Sunil paul Guttula

This is sunil paul. G, Pharm.d intern. I am interested to carry out research in the fields of infectious diseases and neuro pharmacology.
I would like to serve people as clinical pharmacologist and pharmacotherapist.

PSYCHIATRIC CARE

6 September 2020

Psychiatric care#1

 

The FDA admitted in 2007 that SSRIs can cause madness at all ages and that the drugs are very dangerous; otherwise daily monitoring wouldn’t be needed: “Families and caregivers of patients should be advised to look for the emergence of such symptoms on a day-to-day basis, since changes may be abrupt .All patients being treated with antidepressants for any indication should be monitored appropriately and observed closely for clinical worsening, suicidality, and unusual changes in behavior, especially during the initial few months of a course of drug therapy, or at times of dose changes, either increases or decreases. The following symptoms, anxiety, agitation, panic attacks, insomnia, irritability, hostility, aggressiveness, impulsivity, akathisia (psychomotor restlessness), hypomania, and mania, have been reported in adult and pediatric patients being treated with antidepressants”.

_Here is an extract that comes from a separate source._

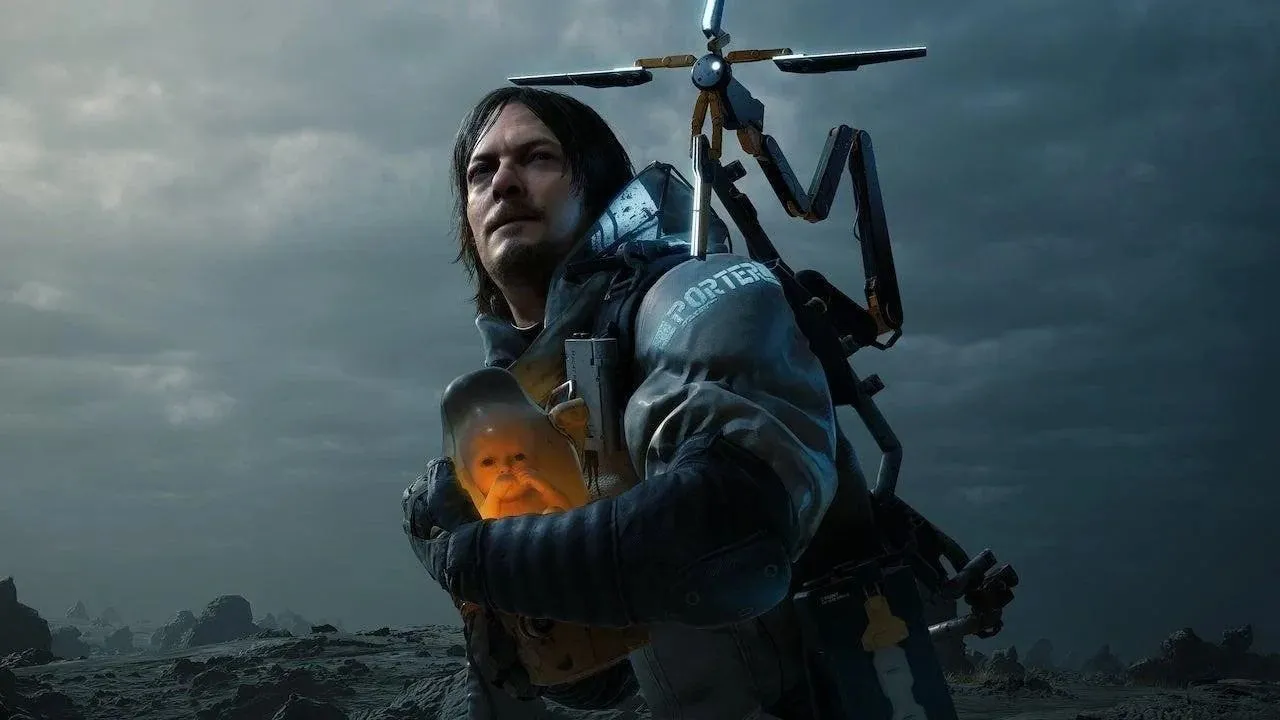 Bìa game Death Stranding với hình ảnh người đàn ông ôm em bé trong bộ phận bảo vệ đầy nước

Therapeutic drug monitoring (TDM) could also be performed to optimize dosage regimens supported measurements of drug concentrations at designated intervals. The feedback from TDM can help doctors maintain a therapeutic concentration in a personal patient’s bloodstream while minimizing potential side effects.

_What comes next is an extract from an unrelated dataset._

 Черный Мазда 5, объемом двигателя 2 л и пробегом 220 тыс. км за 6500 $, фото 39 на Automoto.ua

In psychiatry, plasma concentrations of several drugs have been related to receptor occupancy. These findings suggest that TDM may add valuable information in the pharmacological management of psychiatric disease and, recently, consensus guidelines on TDM in psychiatry have been updated.

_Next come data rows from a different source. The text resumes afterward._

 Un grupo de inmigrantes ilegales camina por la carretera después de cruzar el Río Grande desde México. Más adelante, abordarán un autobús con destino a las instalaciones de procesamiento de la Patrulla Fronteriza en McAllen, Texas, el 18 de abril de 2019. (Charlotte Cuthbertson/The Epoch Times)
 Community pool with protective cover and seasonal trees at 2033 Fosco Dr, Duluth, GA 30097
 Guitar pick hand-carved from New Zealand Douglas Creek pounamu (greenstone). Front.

According to available evidence, these guidelines categorize TDM for the individual substances as “Strongly recommended,”“Recommended,”“Useful,” or “Potentially useful.” Indeed, TDM may be particularly appropriate in psychiatry for several reasons. First, the full clinical effects can often be expected only after several weeks of treatment. Therefore, optimal dosing may be hard to achieve within a reasonable time frame. Second, the effects cannot be as easily monitored as can, for example, the blood pressure in hypertension. In addition, many adverse effects are concentration dependent, and TDM can, for instance, be used to avoid extrapyramidal side effects of antipsychotics

 

Regular monitoring is recommended for the following drugs: Amitriptyline, Amitriptyline/Chlordiazepoxide, Amitriptyline/Perphenazine, Bupropion, Citalopram, Clomipramine, Desipramine, Desvenlafaxine, Doxepin, Duloxetine, Escitalopram, Fluoxetine, Fluoxetine/Olanzapine, Fluvoxamine, Imipramine, Milnacipran, Mirtazapine, Nefazodone, Nortriptyline, Paroxetine, Phenelzine, Protriptyline, Selegiline, Sertraline, Trazodone, Venlafaxine, Vilazodone.